The meeting was the first in-person, trilateral summit between representatives of the United States, United Arab Emirates (UAE) and Israel — parties to the first breakthrough normalization agreement struck last year — since President Biden took office. It builds on a virtual program that Blinken held last month to commemorate the one-year anniversary of the Abraham Accords signing in September 2020. Yet, until that event, the White House was apprehensive about touching the normalization issue, apparently reluctant to use the “Abraham Accords” branding. 

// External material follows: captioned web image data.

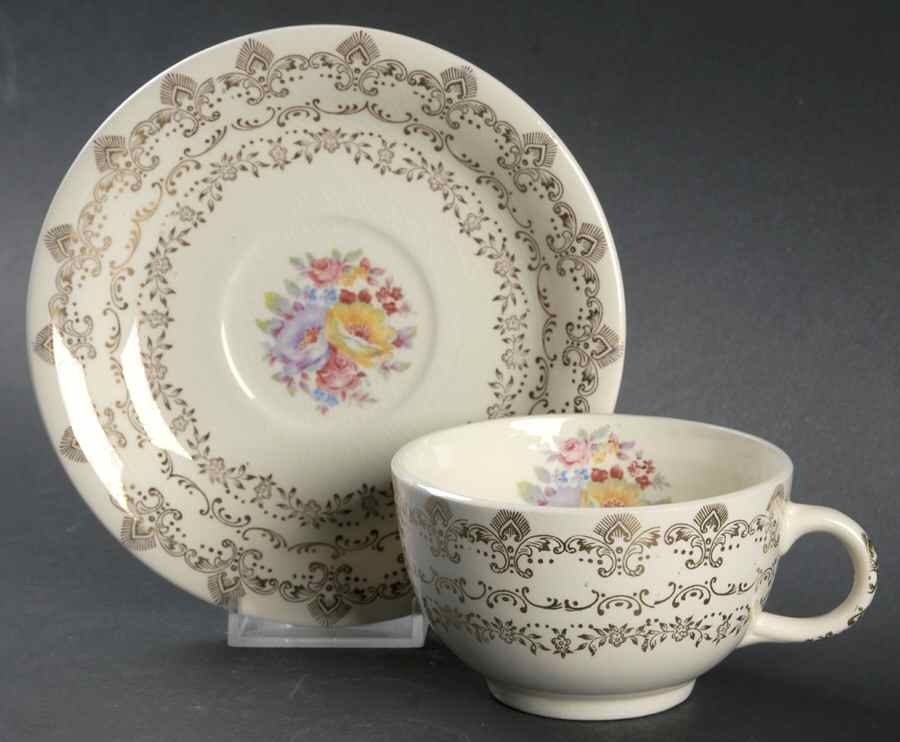 Claremore Flat Cup & Saucer Set by Royal (USA)-1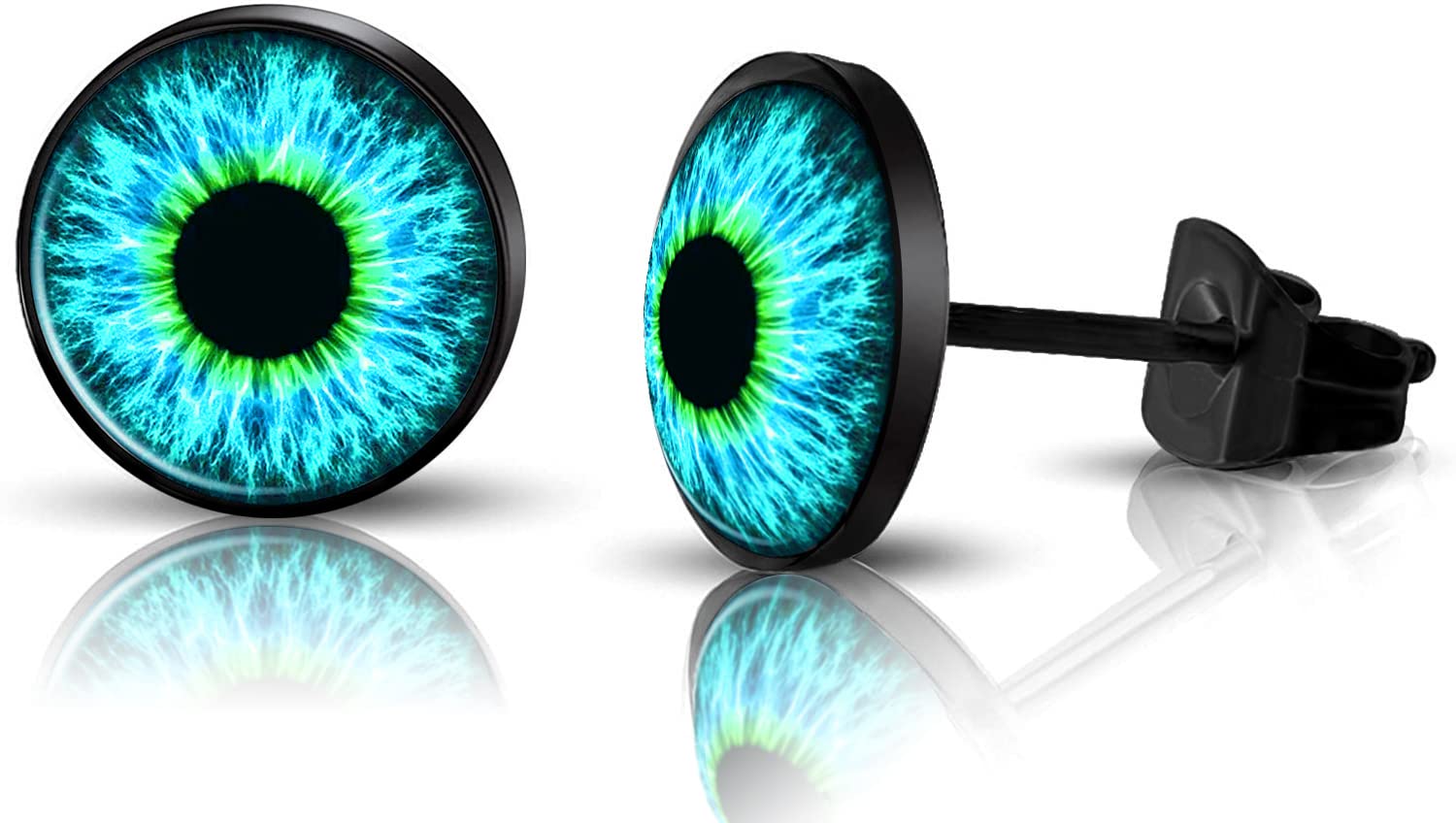 SIISPRI 316L Surgical Stainless Steel Evil Eye Earrings Round Circle Button Stud Post Earrings 10MM - Image 3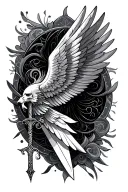 dagger, wings, mandala design incorporating elements tattoo design idea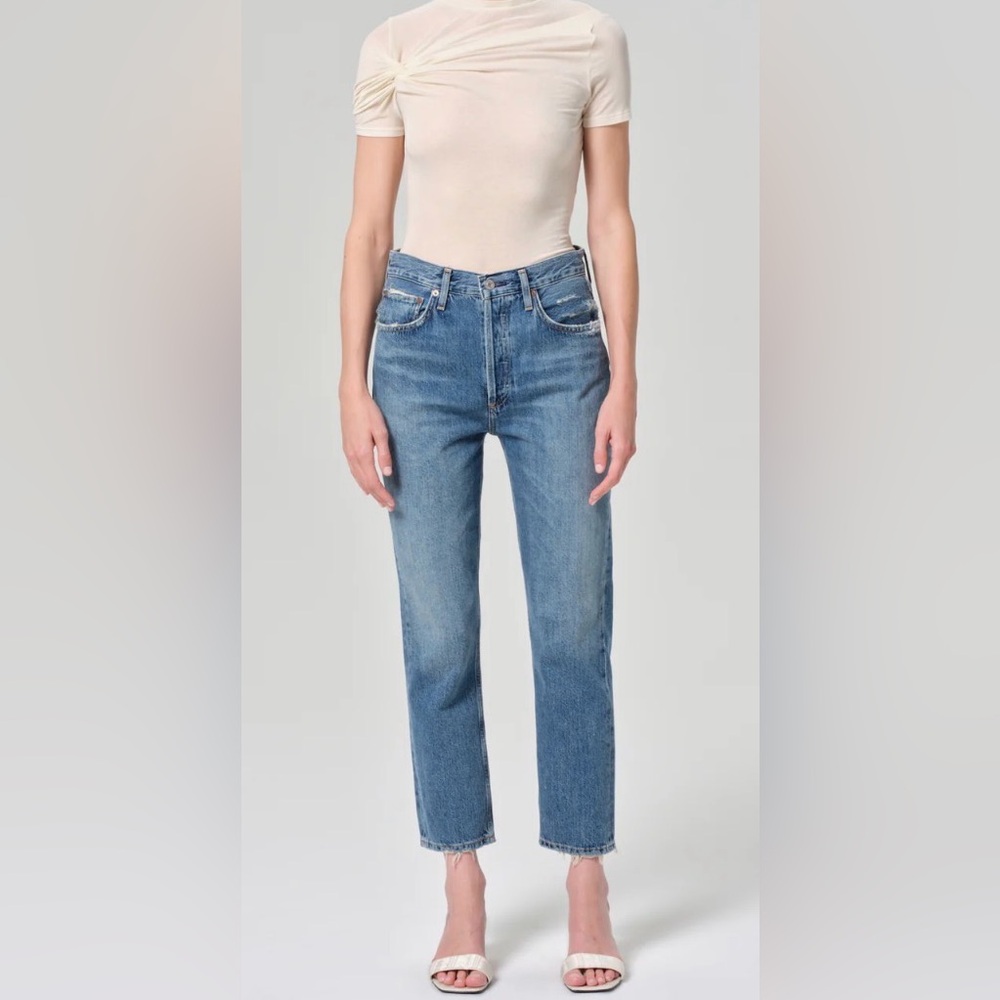 Agolde Riley Straight Crop Buttonfly Jeans Size 23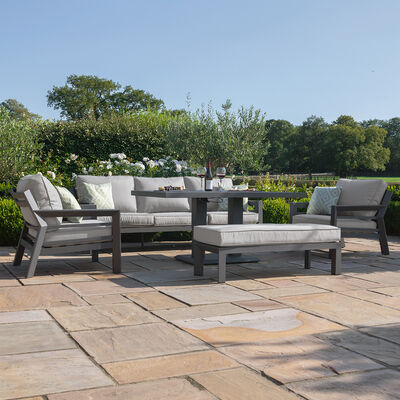 Maze - New York 3 Seat Sofa Aluminium Sofa Set with Rising Table - Dove Grey product image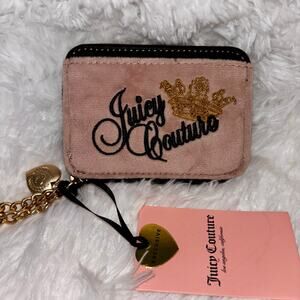 Juicy Couture The Key To Juicy Dusty Pink Square Zip Wallet Credit Card Holder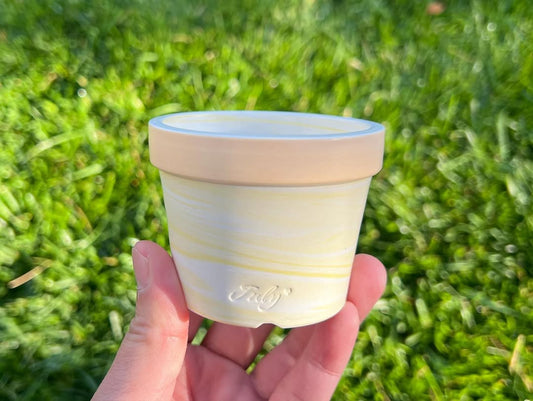 July Classic Pastel Marbled Swirl Mini Planter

What makes the accords so vexing for Biden? On one hand, Israel-Arab state normalization is unquestionably in America’s interest, helping to disentangle complicated alliance politics and advance a longstanding bipartisan policy objective. Biden and his advisers have stated they support normalization, and they started engaging more actively with the process around the anniversary of the accords. However, the White House is clearly a little uneasy with what is widely seen as a Donald Trump legacy project.  

Moreover, while Biden backs normalization, the Abraham Accords were purposefully aimed at compartmentalizing Israel-Arab state relations from the Israeli-Palestinian conflict. Trump’s son-in-law and former adviser Jared Kushner said as much explicitly. This puts the agreements — as presently conceived — at odds with the Biden administration’s avowedly pro-two-state solution stance. Compounding all of this, the Middle East has not been at the top of the Biden administration’s policy agenda. 

The relations that the Abraham Accords formally established have been humming along, notwithstanding the relatively sparse attention from the White House. The warmth with which the Israeli exhibition was received at the Dubai Expo this month attests to the depth of the relations that have been established between Israel and the UAE. But normalization also has continued to leave the Palestinians behind, which makes a full Middle East peace elusive and may contribute to the administration’s reluctance to fully embrace it.  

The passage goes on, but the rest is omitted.